§ **TASK GOAL**: Once the line containing "Milk Therapy Chapter 38" is found in the entries below, reproduce it and every line after it, stopping at and including the line containing "Cube Nature SLX Lady Grey´n´black"; reproduce nothing else, and keep each line exact.

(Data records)
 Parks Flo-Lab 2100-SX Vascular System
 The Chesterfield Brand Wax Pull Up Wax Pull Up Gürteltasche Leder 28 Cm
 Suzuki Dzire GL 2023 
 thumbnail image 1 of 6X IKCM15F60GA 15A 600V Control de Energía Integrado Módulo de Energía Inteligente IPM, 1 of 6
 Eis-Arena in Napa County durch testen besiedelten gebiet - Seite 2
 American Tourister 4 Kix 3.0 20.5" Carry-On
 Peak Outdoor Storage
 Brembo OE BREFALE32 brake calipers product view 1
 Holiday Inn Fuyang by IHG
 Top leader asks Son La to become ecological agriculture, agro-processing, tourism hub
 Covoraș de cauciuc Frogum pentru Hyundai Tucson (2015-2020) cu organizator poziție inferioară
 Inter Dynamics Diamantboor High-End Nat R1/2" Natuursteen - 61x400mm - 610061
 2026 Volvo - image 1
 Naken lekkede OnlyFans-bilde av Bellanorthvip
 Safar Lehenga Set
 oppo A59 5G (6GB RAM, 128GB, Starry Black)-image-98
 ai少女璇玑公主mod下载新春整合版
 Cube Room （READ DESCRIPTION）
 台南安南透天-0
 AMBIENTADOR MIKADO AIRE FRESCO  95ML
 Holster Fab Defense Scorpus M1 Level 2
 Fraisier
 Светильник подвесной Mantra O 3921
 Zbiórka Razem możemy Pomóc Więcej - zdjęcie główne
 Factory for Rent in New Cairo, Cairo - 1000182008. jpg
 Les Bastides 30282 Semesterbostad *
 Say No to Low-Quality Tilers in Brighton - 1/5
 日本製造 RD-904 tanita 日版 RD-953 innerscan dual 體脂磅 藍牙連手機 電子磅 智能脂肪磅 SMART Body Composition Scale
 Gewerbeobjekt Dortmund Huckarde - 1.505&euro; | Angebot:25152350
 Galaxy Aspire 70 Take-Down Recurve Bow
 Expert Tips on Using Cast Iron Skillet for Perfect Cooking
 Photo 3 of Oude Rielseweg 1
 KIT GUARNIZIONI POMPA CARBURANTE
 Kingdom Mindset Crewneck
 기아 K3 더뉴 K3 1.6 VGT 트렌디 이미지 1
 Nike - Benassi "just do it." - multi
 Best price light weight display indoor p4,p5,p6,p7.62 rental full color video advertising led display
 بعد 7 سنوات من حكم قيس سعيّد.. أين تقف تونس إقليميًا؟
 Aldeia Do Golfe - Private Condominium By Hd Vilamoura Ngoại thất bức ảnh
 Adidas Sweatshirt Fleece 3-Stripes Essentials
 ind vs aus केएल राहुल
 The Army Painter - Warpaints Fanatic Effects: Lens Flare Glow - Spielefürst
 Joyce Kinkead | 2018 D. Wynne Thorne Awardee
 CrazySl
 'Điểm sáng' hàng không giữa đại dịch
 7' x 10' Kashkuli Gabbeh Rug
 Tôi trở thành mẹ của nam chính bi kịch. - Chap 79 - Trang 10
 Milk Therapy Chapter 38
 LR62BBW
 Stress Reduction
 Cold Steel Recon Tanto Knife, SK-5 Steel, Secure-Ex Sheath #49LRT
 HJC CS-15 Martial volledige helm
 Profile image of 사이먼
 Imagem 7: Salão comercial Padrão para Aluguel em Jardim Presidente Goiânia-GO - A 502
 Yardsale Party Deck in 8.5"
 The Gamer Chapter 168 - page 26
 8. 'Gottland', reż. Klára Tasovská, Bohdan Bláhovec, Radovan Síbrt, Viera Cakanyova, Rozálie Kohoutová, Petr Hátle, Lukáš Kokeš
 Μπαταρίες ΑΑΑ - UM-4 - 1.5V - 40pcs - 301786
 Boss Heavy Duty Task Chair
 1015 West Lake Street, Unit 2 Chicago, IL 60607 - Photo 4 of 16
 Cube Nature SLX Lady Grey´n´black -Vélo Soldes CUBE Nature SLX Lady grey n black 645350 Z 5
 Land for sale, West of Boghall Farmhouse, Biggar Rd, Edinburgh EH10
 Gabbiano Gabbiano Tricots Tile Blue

§ **ANSWER FOR THIS EXERCISE**:
 Milk Therapy Chapter 38
 LR62BBW
 Stress Reduction
 Cold Steel Recon Tanto Knife, SK-5 Steel, Secure-Ex Sheath #49LRT
 HJC CS-15 Martial volledige helm
 Profile image of 사이먼
 Imagem 7: Salão comercial Padrão para Aluguel em Jardim Presidente Goiânia-GO - A 502
 Yardsale Party Deck in 8.5"
 The Gamer Chapter 168 - page 26
 8. 'Gottland', reż. Klára Tasovská, Bohdan Bláhovec, Radovan Síbrt, Viera Cakanyova, Rozálie Kohoutová, Petr Hátle, Lukáš Kokeš
 Μπαταρίες ΑΑΑ - UM-4 - 1.5V - 40pcs - 301786
 Boss Heavy Duty Task Chair
 1015 West Lake Street, Unit 2 Chicago, IL 60607 - Photo 4 of 16
 Cube Nature SLX Lady Grey´n´black -Vélo Soldes CUBE Nature SLX Lady grey n black 645350 Z 5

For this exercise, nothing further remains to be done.